On October 6, 1536, William Tyndale was strangled by the civil executioner in Belgium and his dead body was burned at the stake.
His crime? He had translated the New Testament and major portions of the Old Testament from the original languages into English so that English-speaking Christians could read the Scriptures in their own language.
Our Need for God’s Word
The Bible is indispensable to our faith – not just theoretically, but practically; not just through preaching and teaching, but through our own individual reading and study. Since the Bible is God’s revelation of Himself to us, we cannot know Him without knowing it. Without the Scriptures, the God you worship is the god of your imagination.
How many Bibles do you have? I suspect more than one. I have scores – Bibles in different languages, in different translations, in different bindings (leather, bonded leather, imitation leather, hardback, softback, loose-leaf, etc.). Everybody, or at least nearly everybody in our part of the world, has a Bible. But that hasn’t always been the case. In fact, there have been times when owning a Bible would have cost you your life. Take William Tyndale for example.
Opportunities and Obstacles
William Tyndale was trained in Greek and Hebrew. He earned his bachelor’s degree from Oxford in 1512 (at the ripe old age 16 or 17!) and his master’s degree in 1515. He later studied at Cambridge to round out his education. In due time, he became fluent in six or seven languages. In short, Tyndale was no dummy! Furthermore, his sense of English style was unparalleled.
As he was contemplating a fresh translation of the Bible in the 1520s, he came to the realization that it was impossible to do this work in England. The 1408 edict against Bible translation was still in effect. Besides, Tyndale could find no one in England who knew Hebrew. So he traveled to Germany – and there he was introduced to rabbis from whom he learned the language of the Old Testament. While on the Continent, he translated much of the Bible into English. He could not return to England for fear of his life.
He had a passion for getting the Word of God to lay folks. He wanted the boy behind the plough to know more of the Word of God than the literati of his day. His prayer would come true.
By 1525 he had completed his first translation of the New Testament, but it would not get printed until 1526. Three copies of this first edition exist today, only one of which – discovered just a few years ago – is completely intact.
Tyndale later revised the New Testament substantially, and the revision was a bona fide masterpiece. He even coined some new words that found their way into the English vocabulary for the next five centuries – words such as Passover, peacemaker, scapegoat, and even the adjective beautiful were coined by Tyndale. Altogether, he produced five editions of the New Testament, but the third edition of 1534 is the one most remembered.
Tyndale also did substantial work on the Old Testament, but he did not complete the task.
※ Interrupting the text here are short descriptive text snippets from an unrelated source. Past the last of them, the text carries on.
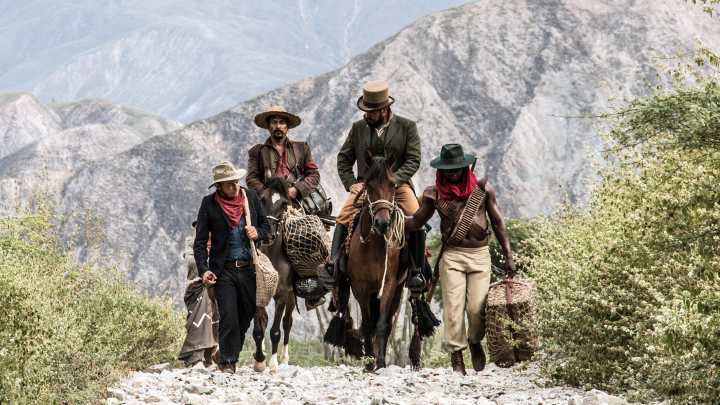 Entre el Chicamocha y la memoria: el viaje de Adiós al amigo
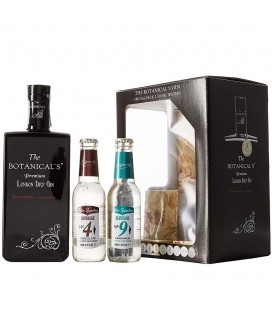 The Botanical's Gin Pack con dos tnicas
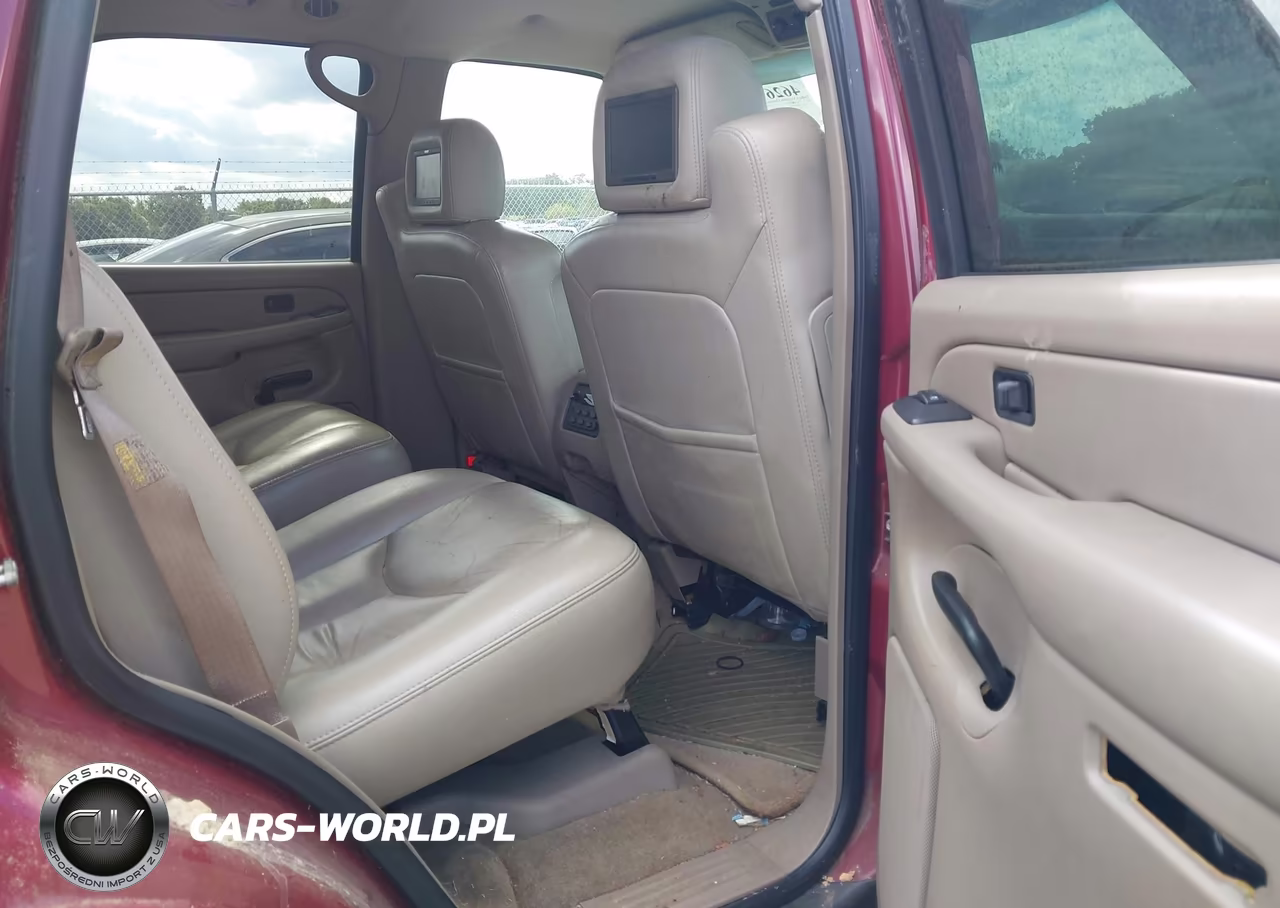 2005 Chevrolet Tahoe Lt VIN:1GNEC13T35R241988 - 8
As far as we know, he translated through 2 Chronicles.
Betrayal and Martyrdom
As he worked in Antwerp, the agents of King Henry VIII and other opponents were scouring Europe, hoping to find and capture him. He was betrayed by a fellow Englishman, kidnapped, and arrested on May 21, 1535. He was imprisoned in a Belgian fortress and eventually brought to trial for heresy and found guilty. His charge: A corrupt translation of the Bible. The reality: A superb translation of the Bible. But the clergy were ostensibly afraid that common folk could not understand the Bible; they needed the clergy and tradition to interpret it for them. The verdict condemning him to death came in August 1536. On October 6 of the same year he was executed at Vilvorde, Belgium.
Tyndale’s dying words were “Lord, open the King of England’s eyes!” But he did not know that just a few months before his death a version of the Bible in English, based largely on his own translation, had already been printed in England with King Henry VIII’s blessing. In the sense which he intended, the King of England’s eyes were already opening when he voiced his dying prayer. An English version of the Bible that drew on his translation was in circulation before his death. Three years after his death, Henry required every English parish church to make a copy of the English Bible available to parishioners.